Supplied material:
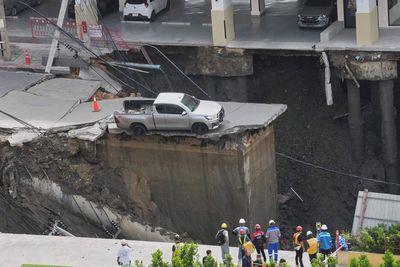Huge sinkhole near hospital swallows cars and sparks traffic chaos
==
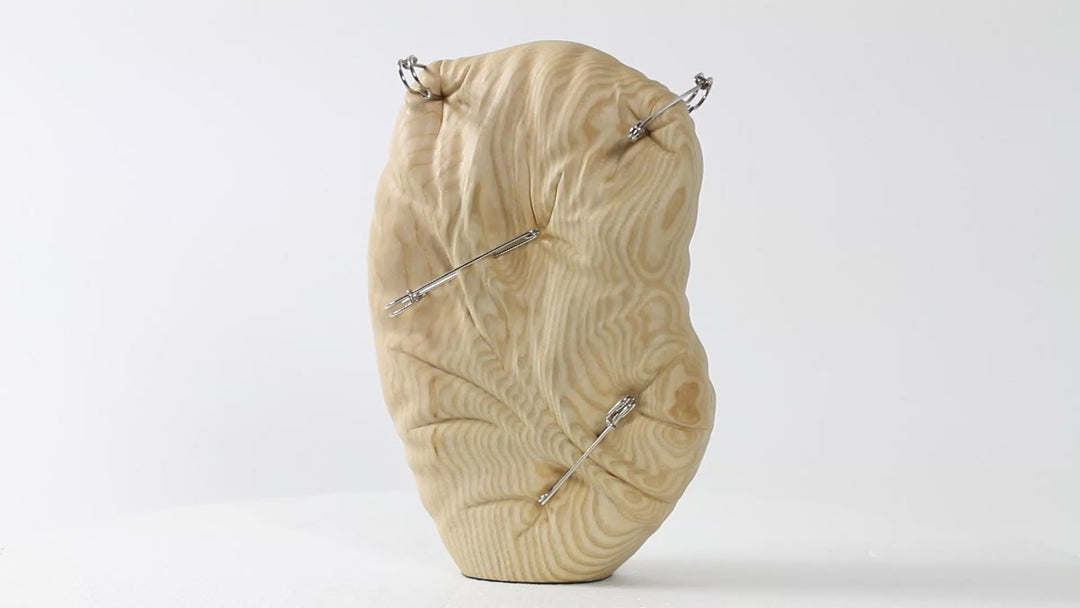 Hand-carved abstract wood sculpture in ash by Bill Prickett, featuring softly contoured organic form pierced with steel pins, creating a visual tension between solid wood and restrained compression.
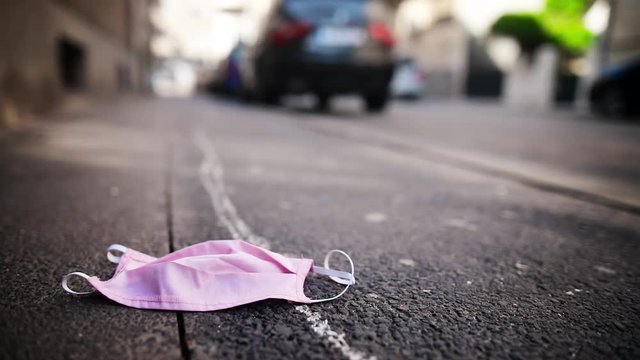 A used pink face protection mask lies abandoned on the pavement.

Task requirements:
Within the listing above, the stretch from the line with "Hand-carved abstract wood" down to the line with "A used pink" is to be given again exactly, end lines included and pictures excluded.

Task solution:
 Hand-carved abstract wood sculpture in ash by Bill Prickett, featuring softly contoured organic form pierced with steel pins, creating a visual tension between solid wood and restrained compression.
 A used pink face protection mask lies abandoned on the pavement.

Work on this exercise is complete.